Solving the trig inequality $|\sin{x} + \cos{x}| > 1$

Question

$|\sin{x} + \cos{x} |> 1$ How to solve this kind of question? Is there any websites to learn trigonometry inequalities? My teacher only taught us the simple question but not the complicated one. Thank you.

Answer 1

Hint:

$$\sin x + \cos x = \sqrt{2}\sin \left(x + \frac{\pi}{4}\right)$$

So for your expression to be greater than $1$, is suffices to check in which intervals $$\left|\sin y \right| > \frac{1}{\sqrt{2}}$$

where $y = x + \frac{\pi}{4}$. This is not hard to do by looking at a graph of $\sin y$, remembering that $\sin y = \frac{1}{\sqrt{2}} \iff y = 2\pi k + \frac{\pi}{4}$ or $y = 2\pi k + \frac{3\pi}{4}$.

Answer 2

$$|\sin{x} + \cos{x} |> 1$$ Square this expression then you'll get $$\sin^2x +2 \sin(x) \cos(x) +\cos^2x >1 $$ Simplify $$1+\sin2x>1$$ or $$\sin2x>0$$ Now $\sin2x$ is just a sine function but which is $\pi$ periodic, then this function is positive for $$x+ \pi k $$ where $ 0<x <\pi/2$

Answer 3

I am restricting to those $x$ when $\sin x$ and $\cos x$ are both positive. Remember for a positive number less than $1$ its square root is bigger than itself.

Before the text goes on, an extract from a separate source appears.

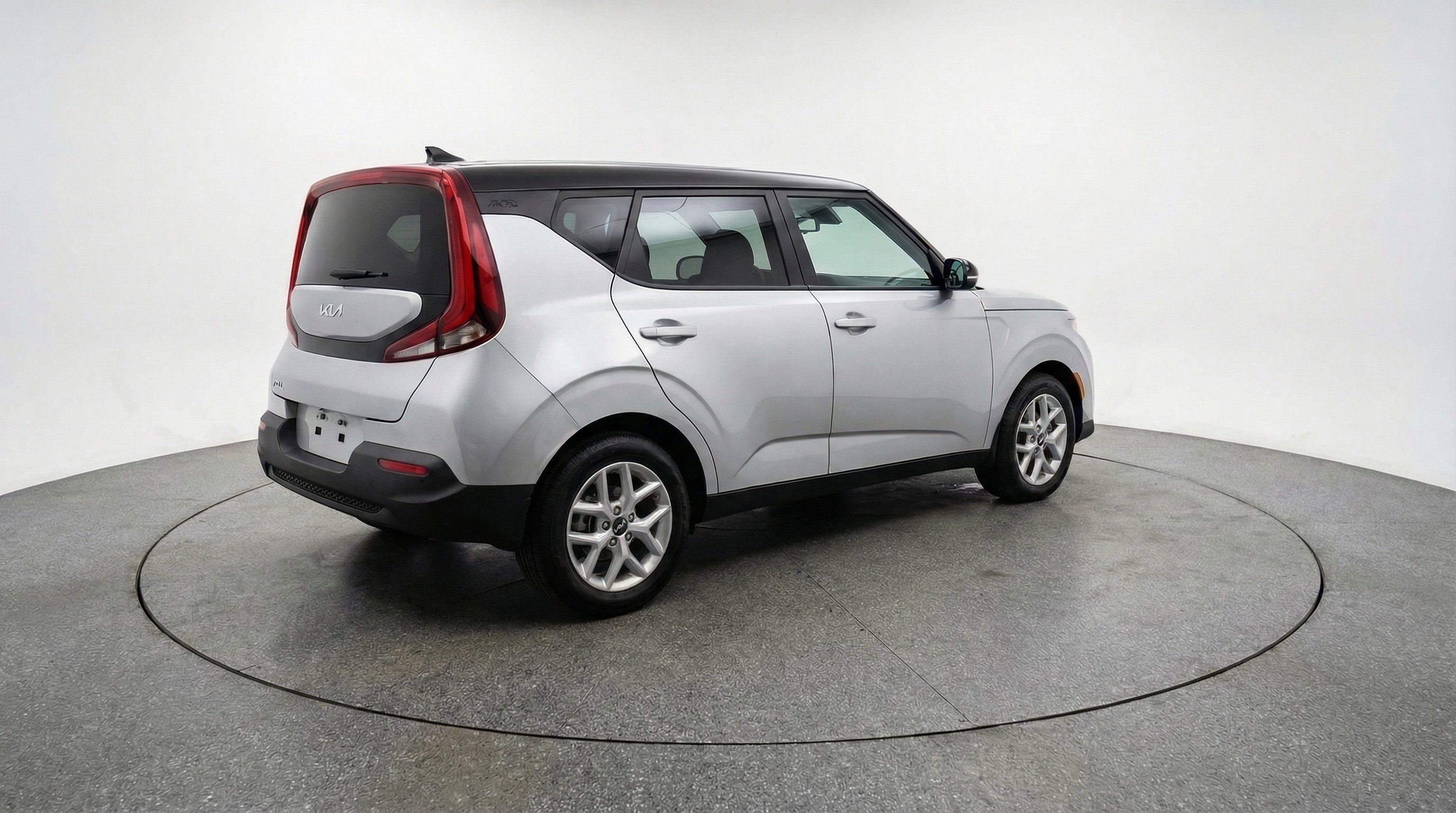 Used 2025 Kia Soul LX w/ LX Technology Package image 9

Now $$\sin x + \cos x = \sin x +\sqrt{1-\sin ^2 x} > \sin x + (1 -\sin ^2 x ) $$

Note that the last term is $1 + \sin x (1-\sin x)> 1$.

Answer 4

There is an inequality that is very useful in this case: if $a,b \in \mathbb{R}$ then $$|a\sin(x)+b\cos(x)|\leq \sqrt{a^2+b^2}.$$

To prove this one can find use the Cauchy-Schwarz inequality : $$|a\sin x+b \cos x| = |(a,b)\cdot (\sin x,\cos x)|\leq \sqrt{a^2+b^2}\sqrt{\sin^2 x+\cos^2 x}=\sqrt{a^2+b^2}$$

You are being asked to solve $|\sin(x)-\cos(x)|<1$. What happens, for example, if you take $a=\frac{1}{\sqrt{2}}$ and $b=-\frac{1}{\sqrt{2}}$ in the inequality proven above?